Hasn't met with the gentle "derision" I'd expected! 

Had an unexpected (and slightly amusing) phone call from the seller this morning; he was almost embarrassed to admit that he wasn't fully honest with the condition of the paintwork...heart sank. He tell's me there is a mark on the paint, but he'll have to point it out as I won't see it. He felt is best to be upfront before causing me a wasted journey...bless him!
If he feels the need to call me with his "admission", I've feeling I'll not be disappointed and for the first time in a long time I'll meet an honest seller who knows the meaning of integrity 

Off to somewhere just South of Carlisle early tomorrow morning to collect...pics to follow.

Dave


----------



## YELLOW_TT (Feb 25, 2004)

After the state of the XK that was in the body shop yesterday I would give it a good going over for rust Dave the rear arches on the XK were rotten and I mean rotten


----------



## Jac-in-a-Box (Nov 9, 2002)

Seen a few S's Andy - most of them looked unloved but none had any signs rot...a few stone-chip blisters, nothing that made me twitch though. 
Anway, I've a gallon or two of Waxoyl waiting - cut with 20% diesel and heated until it's ready combust, then sprayed on with a large nozzle paint gun, I've never had any rust issues on any car...smells a touch, but they don't crumble with a touch 

Dave


----------



## trev (Aug 5, 2005)

Give us a peep when your passing Dave


----------



## YELLOW_TT (Feb 25, 2004)

Jac-in-a-Box said:


> Seen a few S's Andy - most of them looked unloved but none had any signs rot...a few stone-chip blisters, nothing that made me twitch though.
> Anway, I've a gallon or two of Waxoyl waiting - cut with 20% diesel and heated until it's ready combust, then sprayed on with a large nozzle paint gun, I've never had any rust issues on any car...smells a touch, but they don't crumble with a touch
> 
> Dave


I was shocked when I saw it and asked the guy who runs the body shop what had happened he said it's a Jag there all like that


----------



## Jac-in-a-Box (Nov 9, 2002)

Well, after a wet trip to some remote part of Cumbria, the "Pipe, Slipper and Smoking Jacket" car is here 

It far exceeded my expectations too, as the old fellow had said I struggled to see the "problem" on the paint - it was nothing more than an averagely repaired minor scuff on the front bumper.

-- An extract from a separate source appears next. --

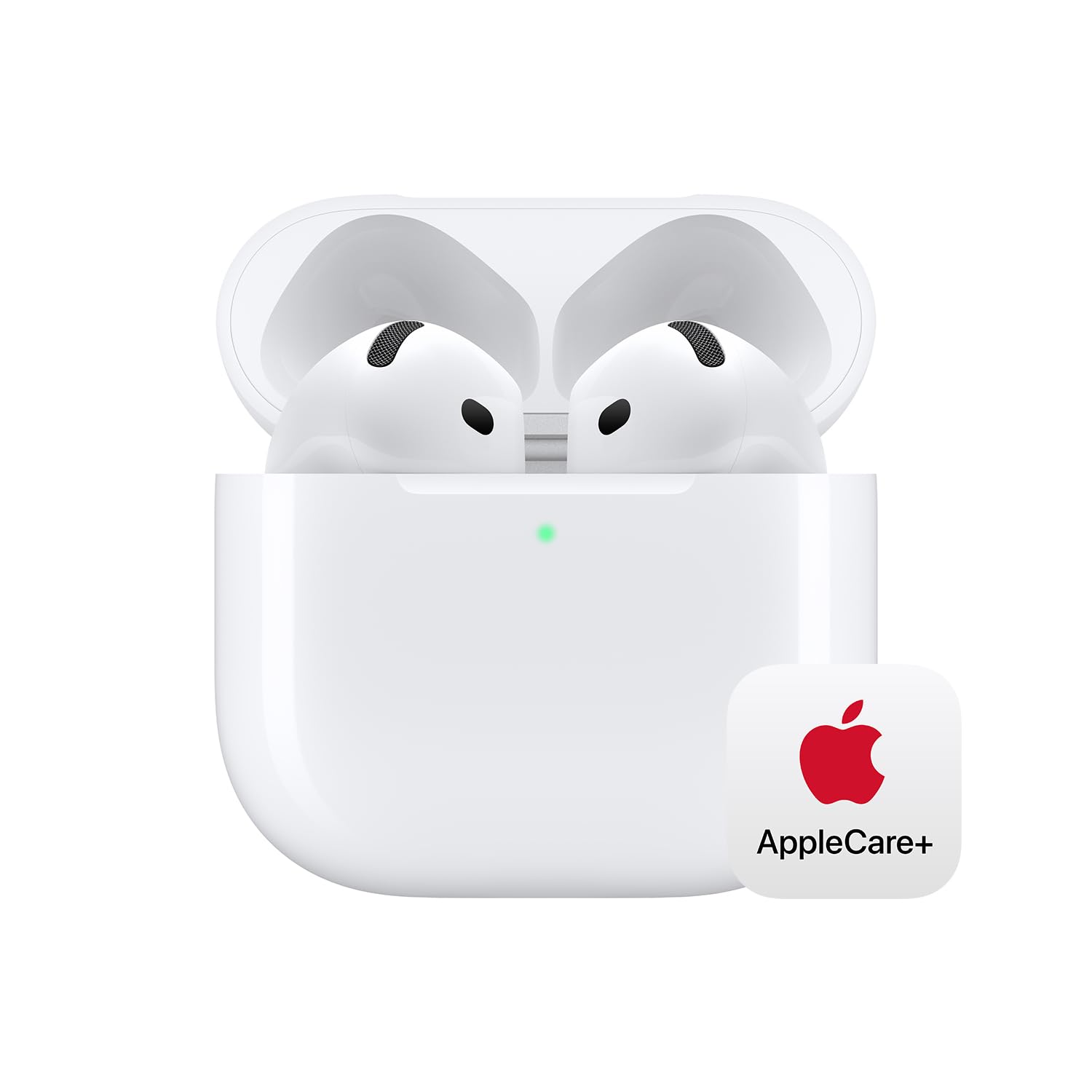 Apple AirPods 4 Wireless Earbuds, Bluetooth Headphones, Personalized Spatial Audio, Sweat and Water Resistant, USB-C Charging Case, H2 Chip, Up to 30 Hours of Battery Life, Effortless Setup for iPhone: With Active Noise Cancellation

I can live with that. There is barely any chipping on the paint at the front unlike some of the "immaculate and lovingly cared for" example I'd seen previously...in short, it's stunning.

Interior is equally as good being nothing more than a gnat's whisker from being mint (I hate that expression but it'll do!) A few hours treating the leather will have it looking pristine.

Engine (V6 3.0) is silky smooth as is the gearbox. Not a drop of fluids to be seen outwith of where they should be. Heaps of paperwork from Jag dealers for servicing...eye watering costs when added up  I'll be doing whatevers needed myself.

Contrary to Andy's assertions (well, his bodyshop friend :wink: ) it's 100% rust free apart from the smallest bubble on 1 front wheels arch lip. I'd have taken a photo but you wouldn't have seen it...the paint on all the wheel arch lips is intact - remarkable!
Underside has been given annual inspections by Jag and some sort of protection has been applied, Dinitrol or similar IIRC.

Reset the trip computer for the trip home and managed 32.8 mpg over motorway/A roads - not too shabby  Relaxing and effortless to drive and a bit more fun than Lexus LS to try and hustle around country roads..."hustling" is not its forte, but "mile-munching" is something it'll do very nicely 

If there was one disappointing aspect the seller told me he had fitted new tyres. They were new but Jingju or similar...the fronts are Jag spec Pirellis but it seems that for once in his life, if intentional or not, he skimped on the car. They're crap - TC light has been doing a lot of flickering just lately when exiting roundabouts 

Haven't had the weather to do much on the paint beyond clay it and give it some protection for the winter. Paint looked dull and lifeless, but with a little effort this how it looks with a single, hand applied, coat of Zaino All-in-One...I love that stuff!

No more walnut but Birds Eye Maple - it's growing on me 





































Not a bad chunk of car for £2k with FDSH and 51k miles...next one is a 4.2V8 :lol:

Dave

Edit for pics (and grammar too  )


----------



## Wallsendmag (Feb 12, 2004)

Very nice.


----------



## trev (Aug 5, 2005)

Looking good mate  cheers for the call [smiley=cheers.gif]


----------



## YELLOW_TT (Feb 25, 2004)

Looks well Dave


----------



## CWM3 (Mar 4, 2012)

Cracking looking car, and a bargain, there are some gems out there.

Did he throw in his Labrador as well?


----------



## NaughTTy (Jul 9, 2003)

That's one helluva lot of car for 2K  Good work Dave


----------



## missile (Jul 18, 2011)

You got a great deal there. Hope you have many years trouble free cruising.


----------



## BAMTT (Feb 22, 2004)

Very nice Dave, zaino eh, I converted a year or so ago, polish, then z2 with zfx spritz with z8 leaves it looking wetter than an otters pocket


----------